## What you will do
Produce a verbatim transcription of all records.
___ Excerpted records ___
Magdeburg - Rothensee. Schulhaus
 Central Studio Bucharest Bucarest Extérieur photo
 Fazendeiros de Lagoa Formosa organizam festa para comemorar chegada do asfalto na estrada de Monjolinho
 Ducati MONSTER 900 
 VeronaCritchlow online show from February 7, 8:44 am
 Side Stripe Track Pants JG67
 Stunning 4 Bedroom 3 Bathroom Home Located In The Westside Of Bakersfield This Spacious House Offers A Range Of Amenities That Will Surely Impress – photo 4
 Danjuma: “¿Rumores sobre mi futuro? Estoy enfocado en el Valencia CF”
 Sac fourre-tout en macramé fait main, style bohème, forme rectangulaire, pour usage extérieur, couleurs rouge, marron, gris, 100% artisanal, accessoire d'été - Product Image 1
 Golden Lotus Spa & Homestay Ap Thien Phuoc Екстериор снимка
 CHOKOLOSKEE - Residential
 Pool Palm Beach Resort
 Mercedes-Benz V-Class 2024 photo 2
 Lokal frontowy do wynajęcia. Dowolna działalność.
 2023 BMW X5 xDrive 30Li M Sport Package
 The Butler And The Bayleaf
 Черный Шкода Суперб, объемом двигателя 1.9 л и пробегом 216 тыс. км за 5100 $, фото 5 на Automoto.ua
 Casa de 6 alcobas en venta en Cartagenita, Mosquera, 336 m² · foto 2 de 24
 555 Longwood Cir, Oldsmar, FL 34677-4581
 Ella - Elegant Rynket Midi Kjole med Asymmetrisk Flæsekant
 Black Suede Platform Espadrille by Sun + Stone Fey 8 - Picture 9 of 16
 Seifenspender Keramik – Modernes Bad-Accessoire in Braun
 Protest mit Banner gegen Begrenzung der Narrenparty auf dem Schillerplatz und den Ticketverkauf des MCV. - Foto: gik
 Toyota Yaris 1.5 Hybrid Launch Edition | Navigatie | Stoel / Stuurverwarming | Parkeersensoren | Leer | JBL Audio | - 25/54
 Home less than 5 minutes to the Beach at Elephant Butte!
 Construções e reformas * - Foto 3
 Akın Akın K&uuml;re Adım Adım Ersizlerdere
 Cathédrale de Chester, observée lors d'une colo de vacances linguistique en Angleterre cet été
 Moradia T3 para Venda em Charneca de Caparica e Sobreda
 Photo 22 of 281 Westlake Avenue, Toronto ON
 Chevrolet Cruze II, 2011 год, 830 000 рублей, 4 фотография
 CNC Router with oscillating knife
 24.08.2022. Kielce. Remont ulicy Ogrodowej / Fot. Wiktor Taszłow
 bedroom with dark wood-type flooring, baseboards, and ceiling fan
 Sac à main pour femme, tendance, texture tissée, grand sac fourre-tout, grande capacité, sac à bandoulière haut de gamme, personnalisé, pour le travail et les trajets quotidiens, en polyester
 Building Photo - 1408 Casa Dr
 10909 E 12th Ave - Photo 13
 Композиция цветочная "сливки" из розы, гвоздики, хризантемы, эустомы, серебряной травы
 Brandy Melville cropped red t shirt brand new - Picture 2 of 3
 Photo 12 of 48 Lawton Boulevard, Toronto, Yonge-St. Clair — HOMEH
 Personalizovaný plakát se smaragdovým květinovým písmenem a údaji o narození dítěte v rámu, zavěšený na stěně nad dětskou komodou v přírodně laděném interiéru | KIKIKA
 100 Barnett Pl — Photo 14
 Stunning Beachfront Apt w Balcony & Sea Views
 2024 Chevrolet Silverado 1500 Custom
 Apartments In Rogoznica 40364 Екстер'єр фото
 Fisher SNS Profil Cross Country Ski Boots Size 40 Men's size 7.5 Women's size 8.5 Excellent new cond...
___
## Solved problem
Magdeburg - Rothensee. Schulhaus
 Central Studio Bucharest Bucarest Extérieur photo
 Fazendeiros de Lagoa Formosa organizam festa para comemorar chegada do asfalto na estrada de Monjolinho
 Ducati MONSTER 900 
 VeronaCritchlow online show from February 7, 8:44 am
 Side Stripe Track Pants JG67
 Stunning 4 Bedroom 3 Bathroom Home Located In The Westside Of Bakersfield This Spacious House Offers A Range Of Amenities That Will Surely Impress – photo 4
 Danjuma: “¿Rumores sobre mi futuro? Estoy enfocado en el Valencia CF”
 Sac fourre-tout en macramé fait main, style bohème, forme rectangulaire, pour usage extérieur, couleurs rouge, marron, gris, 100% artisanal, accessoire d'été - Product Image 1
 Golden Lotus Spa & Homestay Ap Thien Phuoc Екстериор снимка
 CHOKOLOSKEE - Residential
 Pool Palm Beach Resort
 Mercedes-Benz V-Class 2024 photo 2
 Lokal frontowy do wynajęcia. Dowolna działalność.
 2023 BMW X5 xDrive 30Li M Sport Package
 The Butler And The Bayleaf
 Черный Шкода Суперб, объемом двигателя 1.9 л и пробегом 216 тыс. км за 5100 $, фото 5 на Automoto.ua
 Casa de 6 alcobas en venta en Cartagenita, Mosquera, 336 m² · foto 2 de 24
 555 Longwood Cir, Oldsmar, FL 34677-4581
 Ella - Elegant Rynket Midi Kjole med Asymmetrisk Flæsekant
 Black Suede Platform Espadrille by Sun + Stone Fey 8 - Picture 9 of 16
 Seifenspender Keramik – Modernes Bad-Accessoire in Braun
 Protest mit Banner gegen Begrenzung der Narrenparty auf dem Schillerplatz und den Ticketverkauf des MCV. - Foto: gik
 Toyota Yaris 1.5 Hybrid Launch Edition | Navigatie | Stoel / Stuurverwarming | Parkeersensoren | Leer | JBL Audio | - 25/54
 Home less than 5 minutes to the Beach at Elephant Butte!
 Construções e reformas * - Foto 3
 Akın Akın K&uuml;re Adım Adım Ersizlerdere
 Cathédrale de Chester, observée lors d'une colo de vacances linguistique en Angleterre cet été
 Moradia T3 para Venda em Charneca de Caparica e Sobreda
 Photo 22 of 281 Westlake Avenue, Toronto ON
 Chevrolet Cruze II, 2011 год, 830 000 рублей, 4 фотография
 CNC Router with oscillating knife
 24.08.2022. Kielce. Remont ulicy Ogrodowej / Fot. Wiktor Taszłow
 bedroom with dark wood-type flooring, baseboards, and ceiling fan
 Sac à main pour femme, tendance, texture tissée, grand sac fourre-tout, grande capacité, sac à bandoulière haut de gamme, personnalisé, pour le travail et les trajets quotidiens, en polyester
 Building Photo - 1408 Casa Dr
 10909 E 12th Ave - Photo 13
 Композиция цветочная "сливки" из розы, гвоздики, хризантемы, эустомы, серебряной травы
 Brandy Melville cropped red t shirt brand new - Picture 2 of 3
 Photo 12 of 48 Lawton Boulevard, Toronto, Yonge-St. Clair — HOMEH
 Personalizovaný plakát se smaragdovým květinovým písmenem a údaji o narození dítěte v rámu, zavěšený na stěně nad dětskou komodou v přírodně laděném interiéru | KIKIKA
 100 Barnett Pl — Photo 14
 Stunning Beachfront Apt w Balcony & Sea Views
 2024 Chevrolet Silverado 1500 Custom
 Apartments In Rogoznica 40364 Екстер'єр фото
 Fisher SNS Profil Cross Country Ski Boots Size 40 Men's size 7.5 Women's size 8.5 Excellent new cond...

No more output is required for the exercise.